Die IETF hat die Arbeitsgruppe Virtual Router Redundancy Protocol (VRRP) etabliert, um statisch konfigurierten Gateways Redundanzmöglichkeiten einzuräumen. Viele Unternehmen scheuen sich, dynamische Routing-Protokolle wie Open Shortest Path First (OSPF) und das Routing Information Protocol (RIP) zu verwenden, weil sie die Rechenleistung der Netzkomponenten zu sehr beanspruchen.

Doch Router und Switches mit verbindlich voreingestellten Wegen bergen Risiken. Fallen sie aus, geht das Netzwerk in die Knie, die Leitungen sind tot. VRRP soll diesem Mißstand mit einer einfachen, effektiven Architektur abhelfen. Im Vergleich zu den dynamisch arbeitenden Verfahren soll, so die Aussage der IETF-Arbeitsgruppe, VRRP schneller und effizienter auf den Fehlerfall reagieren und die Wegebearbeitung an intakte Geräte übergeben.

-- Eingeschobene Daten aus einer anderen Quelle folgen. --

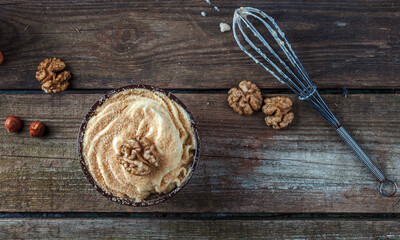 cake retro whisk for whipping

Darüber hinaus möchten die Experten Verfahren zur Lastverteilung implementieren. Im VRRP-Szenario arbeitet ein Router als Master für sein eigenes IP-Subnet sowie als Backup-Gerät für ein anderes Netz, das wiederum seinen eigenen Master hat. Derart konfigurierte Router können bei Überlast Rechenoperationen auslagern.

Damit dieses Verfahren funktioniert, benötigt der Master eine virtuelle MAC-Adresse (MAC = Media Access Control), um im Fehlerfall für die Endgeräte im Subnetz eines ausgefallenen Routers oder Switches ansprechbar zu sein. Zudem werden zwischen den als Backup-Verbund konfigurierten Geräten VRRP-Pakete ausgetauscht, mit denen sie ihre Betriebsbereitschaft signalisieren. Sendet ein Vermittlungsknoten keine Meldungen mehr, erkennt der Backup-Router einen Ausfall und wird aktiv. Zusätzlich muß jeder Router seinen Status regelmäßig der Management-Konsole melden. Die kann ebenfalls Alarm auslösen, wenn etwa Anomalien wie Fehlermeldungen auftreten.

Einige Hersteller, darunter Lucent, Nokia und Bay Networks, haben VRRP bereits ihren Segen erteilt und wollen das Verfahren in Produkte umsetzen. 3Com zeigte Mitte November auf der Networld+Interop in Atlanta schon die ersten Produkte. In der Liste der das Verfahren unterstützenden Unternehmen fehlt allerdings ein wichtiger Name. Cisco, Marktführer und häufig auch Taktgeber für Internet-Technologien, kocht mit dem proprietären Hot Standby Router Protocol (HSRP) sein eigenes Süppchen. Zudem werfen IBM und Cisco der IETF mehrere Patentrechtsverletzungen vor.